貴自衛隊は、ライセンス契約において技術情報の閲覧が認められていない者が閲覧しても支障のないソフトウェアを作成して、これをレーダー用ソフトに上書きする手法を採用することとして三菱重工と調整している。一方で、ボーイング社等とも調整が必要であり、このソフトウェアを作成するために要する期間及び費用が確定していないことから、RDP5個は修理等が可能な状態となっていない。

イ VCCについて

貴自衛隊は、ライセンス契約においてVCC用ソフトの技術情報の閲覧が認められていない者に対してこれを閲覧させない手法として、三菱重工が保有する機材を活用して消去等を行うこととし、第3補給処は、26年3月31日に、修理等が必要なVCC8個について上記の消去等を実施させるため、三菱重工と役務契約を締結し、同年8月29日までにこれを完了した。しかし、VCC5個については、消去等が行われていないこと、修理等は、消去等を実施した後に三菱電機で実施されることから、同年8月末現在で前記のVCC13個は使用可能な状態となっていない。

(是正及び是正改善を必要とする事態)

貴自衛隊は、将来の近代化改修のために一括調達していたレーダー・セット等を不具合が生じた機器の代わりにF―15に搭載しているため、現時点でF―15の運用に支障は生じていないが、近代化改修が進捗した際には、必要となるレーダー・セット等が不足するおそれもあることから、不具合が発生したRDP及びVCCの修理等が行われていない事態は適切ではなく、是正及び是正改善を図る要があると認められる。

(発生原因)

このような事態が生じているのは、貴自衛隊において、近代化改修用通信電子機器の新規導入に当たり、RDP及びVCCの修理等に支障を及ぼす点の検討が十分でないことによると認められる。
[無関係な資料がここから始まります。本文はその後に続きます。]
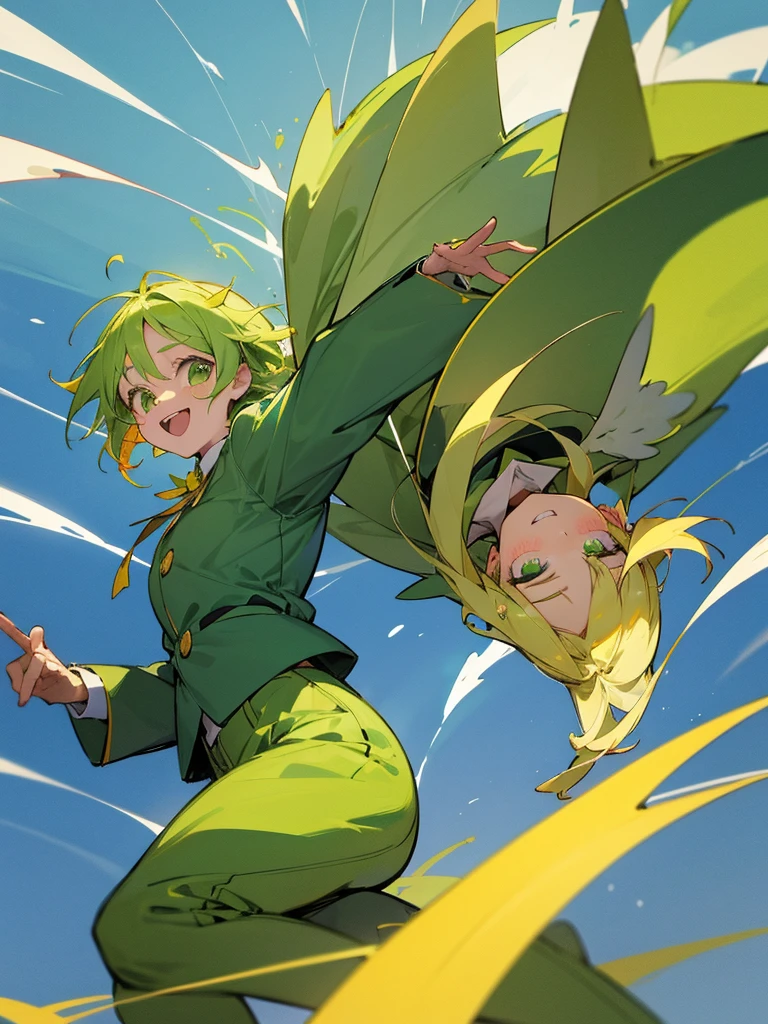 Twin angel girls, flying with wings, God is green, the wind is blowing, casting wind magic, cute smile, frog being blown away by magic, frog crying, wearing uniform with green and gold lines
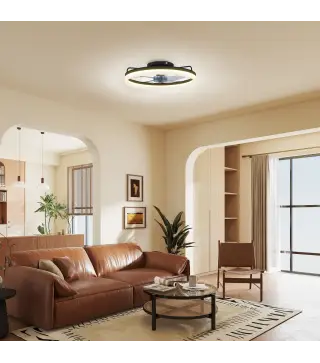 Ventilador de Techo con Luz LED 40 W Motor DC Reversible Mando a Distancia 6 Velocidades 3 Colores Temporizador Negro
3 本院が要求する是正の処置及び求める是正改善の処置

通信電子機器に不具合が発生しているのに、必要な修理等に着手するまでに長期間を要することは、通信電子機器が有効に活用されないこととなり、貴自衛隊において防空任務を遂行するための主力戦闘機であるF―15の運用にも支障が生じて貴自衛隊の任務に重大な影響を及ぼすおそれがある。

また、貴自衛隊において、今後もF―15の通信電子機器をはじめ多数の高度化、複雑化した装備品を調達することが見込まれており、本件のようにソフトウェアを含めた権利関係も複雑になっている状況である。

ついては、貴自衛隊において、装備品の修理等が確実に行われるよう、ア及びイのとおり是正の処置を要求し並びにウのとおり是正改善の処置を求める。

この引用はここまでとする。